# Supplied data:
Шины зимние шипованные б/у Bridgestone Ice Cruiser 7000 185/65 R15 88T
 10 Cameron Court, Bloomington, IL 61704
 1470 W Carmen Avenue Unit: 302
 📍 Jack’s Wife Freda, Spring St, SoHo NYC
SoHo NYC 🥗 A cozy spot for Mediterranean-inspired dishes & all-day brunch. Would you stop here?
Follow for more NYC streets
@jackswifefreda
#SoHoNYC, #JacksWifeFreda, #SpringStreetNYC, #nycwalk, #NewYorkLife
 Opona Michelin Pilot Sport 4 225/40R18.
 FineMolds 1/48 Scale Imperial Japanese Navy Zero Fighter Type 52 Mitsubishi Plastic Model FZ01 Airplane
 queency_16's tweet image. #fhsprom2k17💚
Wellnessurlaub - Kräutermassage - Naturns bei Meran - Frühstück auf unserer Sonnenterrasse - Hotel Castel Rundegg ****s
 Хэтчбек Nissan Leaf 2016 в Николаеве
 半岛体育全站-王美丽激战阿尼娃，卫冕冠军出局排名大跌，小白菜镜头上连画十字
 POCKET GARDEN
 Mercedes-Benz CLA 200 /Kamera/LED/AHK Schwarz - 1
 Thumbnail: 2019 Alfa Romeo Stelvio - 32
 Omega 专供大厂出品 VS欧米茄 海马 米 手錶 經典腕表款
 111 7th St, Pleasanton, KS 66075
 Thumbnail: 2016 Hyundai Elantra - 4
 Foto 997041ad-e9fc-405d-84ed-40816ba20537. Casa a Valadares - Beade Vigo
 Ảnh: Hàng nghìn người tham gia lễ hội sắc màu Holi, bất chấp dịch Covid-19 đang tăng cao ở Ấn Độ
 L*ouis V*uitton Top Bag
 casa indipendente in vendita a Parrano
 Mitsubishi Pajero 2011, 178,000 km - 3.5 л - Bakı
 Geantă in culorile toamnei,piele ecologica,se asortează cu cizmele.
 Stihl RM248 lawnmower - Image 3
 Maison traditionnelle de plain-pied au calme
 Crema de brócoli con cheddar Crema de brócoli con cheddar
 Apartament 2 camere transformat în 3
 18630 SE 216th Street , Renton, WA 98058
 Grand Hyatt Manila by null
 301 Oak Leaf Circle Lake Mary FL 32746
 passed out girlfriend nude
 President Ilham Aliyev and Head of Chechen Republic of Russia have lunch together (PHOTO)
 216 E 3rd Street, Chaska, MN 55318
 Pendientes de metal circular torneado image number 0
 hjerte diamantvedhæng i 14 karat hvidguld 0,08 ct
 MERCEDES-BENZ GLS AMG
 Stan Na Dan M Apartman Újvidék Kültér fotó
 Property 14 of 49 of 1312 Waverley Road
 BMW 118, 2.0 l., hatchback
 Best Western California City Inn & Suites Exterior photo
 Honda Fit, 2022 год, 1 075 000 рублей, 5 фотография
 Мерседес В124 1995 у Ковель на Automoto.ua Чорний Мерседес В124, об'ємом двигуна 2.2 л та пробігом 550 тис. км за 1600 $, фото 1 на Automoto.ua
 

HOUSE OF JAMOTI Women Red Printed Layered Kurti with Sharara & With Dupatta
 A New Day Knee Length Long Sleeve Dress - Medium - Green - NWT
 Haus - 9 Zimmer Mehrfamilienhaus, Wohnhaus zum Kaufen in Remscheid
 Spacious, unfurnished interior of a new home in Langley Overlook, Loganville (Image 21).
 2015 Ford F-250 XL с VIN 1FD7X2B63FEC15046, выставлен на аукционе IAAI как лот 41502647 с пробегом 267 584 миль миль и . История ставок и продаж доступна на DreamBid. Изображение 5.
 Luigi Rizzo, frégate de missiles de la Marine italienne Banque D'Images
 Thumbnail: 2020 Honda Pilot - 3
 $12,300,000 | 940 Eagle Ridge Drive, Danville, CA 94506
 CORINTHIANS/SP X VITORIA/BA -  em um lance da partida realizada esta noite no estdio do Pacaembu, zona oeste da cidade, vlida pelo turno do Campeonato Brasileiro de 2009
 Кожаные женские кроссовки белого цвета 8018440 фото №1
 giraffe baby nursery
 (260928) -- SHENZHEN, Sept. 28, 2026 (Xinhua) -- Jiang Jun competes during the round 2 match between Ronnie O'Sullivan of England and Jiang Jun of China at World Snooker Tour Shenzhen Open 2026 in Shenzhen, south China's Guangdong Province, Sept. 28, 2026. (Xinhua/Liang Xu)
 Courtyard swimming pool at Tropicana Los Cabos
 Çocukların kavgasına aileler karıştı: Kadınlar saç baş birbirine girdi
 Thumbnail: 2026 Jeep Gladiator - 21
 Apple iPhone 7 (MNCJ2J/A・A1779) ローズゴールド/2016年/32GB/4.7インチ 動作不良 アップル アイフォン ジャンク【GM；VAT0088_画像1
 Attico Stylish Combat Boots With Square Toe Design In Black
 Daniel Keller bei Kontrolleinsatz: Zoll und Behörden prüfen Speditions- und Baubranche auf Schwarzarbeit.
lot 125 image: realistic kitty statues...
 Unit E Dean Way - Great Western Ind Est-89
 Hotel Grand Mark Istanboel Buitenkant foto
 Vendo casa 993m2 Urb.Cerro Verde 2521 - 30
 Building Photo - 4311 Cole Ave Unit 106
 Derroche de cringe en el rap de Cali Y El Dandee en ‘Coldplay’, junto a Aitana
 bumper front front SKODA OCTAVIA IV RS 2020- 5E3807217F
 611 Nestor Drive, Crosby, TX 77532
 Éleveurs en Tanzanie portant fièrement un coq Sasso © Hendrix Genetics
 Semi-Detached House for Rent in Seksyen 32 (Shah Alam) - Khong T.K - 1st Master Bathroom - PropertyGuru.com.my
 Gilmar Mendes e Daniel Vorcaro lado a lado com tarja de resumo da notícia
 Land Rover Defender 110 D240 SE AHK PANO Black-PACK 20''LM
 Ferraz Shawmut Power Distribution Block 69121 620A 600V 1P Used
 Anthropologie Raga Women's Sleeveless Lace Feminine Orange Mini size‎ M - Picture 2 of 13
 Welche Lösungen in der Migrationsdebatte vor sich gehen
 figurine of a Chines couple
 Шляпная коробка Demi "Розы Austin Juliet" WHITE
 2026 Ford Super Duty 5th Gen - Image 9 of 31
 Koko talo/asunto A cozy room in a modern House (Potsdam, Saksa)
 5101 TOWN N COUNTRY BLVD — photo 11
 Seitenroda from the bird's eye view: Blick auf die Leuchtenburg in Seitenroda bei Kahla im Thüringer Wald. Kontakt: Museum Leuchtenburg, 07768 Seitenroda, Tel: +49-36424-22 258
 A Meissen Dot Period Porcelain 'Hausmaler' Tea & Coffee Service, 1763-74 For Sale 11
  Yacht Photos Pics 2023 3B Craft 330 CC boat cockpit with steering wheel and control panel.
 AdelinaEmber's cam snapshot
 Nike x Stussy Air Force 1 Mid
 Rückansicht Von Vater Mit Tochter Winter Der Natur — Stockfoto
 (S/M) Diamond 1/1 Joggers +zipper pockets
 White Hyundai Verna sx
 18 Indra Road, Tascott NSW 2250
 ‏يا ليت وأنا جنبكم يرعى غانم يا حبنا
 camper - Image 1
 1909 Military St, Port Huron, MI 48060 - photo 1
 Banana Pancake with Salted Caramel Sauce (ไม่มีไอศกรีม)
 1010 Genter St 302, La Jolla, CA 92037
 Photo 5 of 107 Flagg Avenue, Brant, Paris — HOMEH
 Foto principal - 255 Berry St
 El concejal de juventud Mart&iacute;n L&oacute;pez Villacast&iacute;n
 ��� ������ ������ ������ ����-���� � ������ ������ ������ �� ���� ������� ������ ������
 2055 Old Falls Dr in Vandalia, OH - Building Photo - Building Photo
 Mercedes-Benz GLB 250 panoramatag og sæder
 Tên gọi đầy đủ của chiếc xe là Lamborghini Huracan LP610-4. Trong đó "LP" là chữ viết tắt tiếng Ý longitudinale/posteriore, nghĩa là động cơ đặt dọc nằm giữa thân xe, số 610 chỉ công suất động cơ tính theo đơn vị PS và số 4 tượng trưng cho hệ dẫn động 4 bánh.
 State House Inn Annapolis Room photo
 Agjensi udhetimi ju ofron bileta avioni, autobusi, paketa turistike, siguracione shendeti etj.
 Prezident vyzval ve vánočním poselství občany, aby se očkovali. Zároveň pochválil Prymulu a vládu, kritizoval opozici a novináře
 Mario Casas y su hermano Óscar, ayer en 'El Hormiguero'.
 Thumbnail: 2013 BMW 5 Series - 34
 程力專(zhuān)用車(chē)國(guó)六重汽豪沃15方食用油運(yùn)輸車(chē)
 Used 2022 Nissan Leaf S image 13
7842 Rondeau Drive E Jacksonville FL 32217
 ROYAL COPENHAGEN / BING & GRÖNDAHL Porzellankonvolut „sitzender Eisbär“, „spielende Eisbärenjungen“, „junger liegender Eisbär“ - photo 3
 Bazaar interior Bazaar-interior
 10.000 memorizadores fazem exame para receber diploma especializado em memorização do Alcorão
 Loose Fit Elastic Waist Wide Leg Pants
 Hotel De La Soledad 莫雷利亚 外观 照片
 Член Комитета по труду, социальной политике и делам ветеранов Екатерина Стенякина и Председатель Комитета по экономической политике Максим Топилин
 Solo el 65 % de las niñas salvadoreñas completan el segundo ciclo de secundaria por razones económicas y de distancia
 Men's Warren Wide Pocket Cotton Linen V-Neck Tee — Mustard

# Work request:
Give the exact lines, and only those, from the line containing "POCKET GARDEN" through the line containing "Mitsubishi Pajero 2011, 178,000" in the entries above.

# Response to this exercise:
 POCKET GARDEN
 Mercedes-Benz CLA 200 /Kamera/LED/AHK Schwarz - 1
 Thumbnail: 2019 Alfa Romeo Stelvio - 32
 Omega 专供大厂出品 VS欧米茄 海马 米 手錶 經典腕表款
 111 7th St, Pleasanton, KS 66075
 Thumbnail: 2016 Hyundai Elantra - 4
 Foto 997041ad-e9fc-405d-84ed-40816ba20537. Casa a Valadares - Beade Vigo
 Ảnh: Hàng nghìn người tham gia lễ hội sắc màu Holi, bất chấp dịch Covid-19 đang tăng cao ở Ấn Độ
 L*ouis V*uitton Top Bag
 casa indipendente in vendita a Parrano
 Mitsubishi Pajero 2011, 178,000 km - 3.5 л - Bakı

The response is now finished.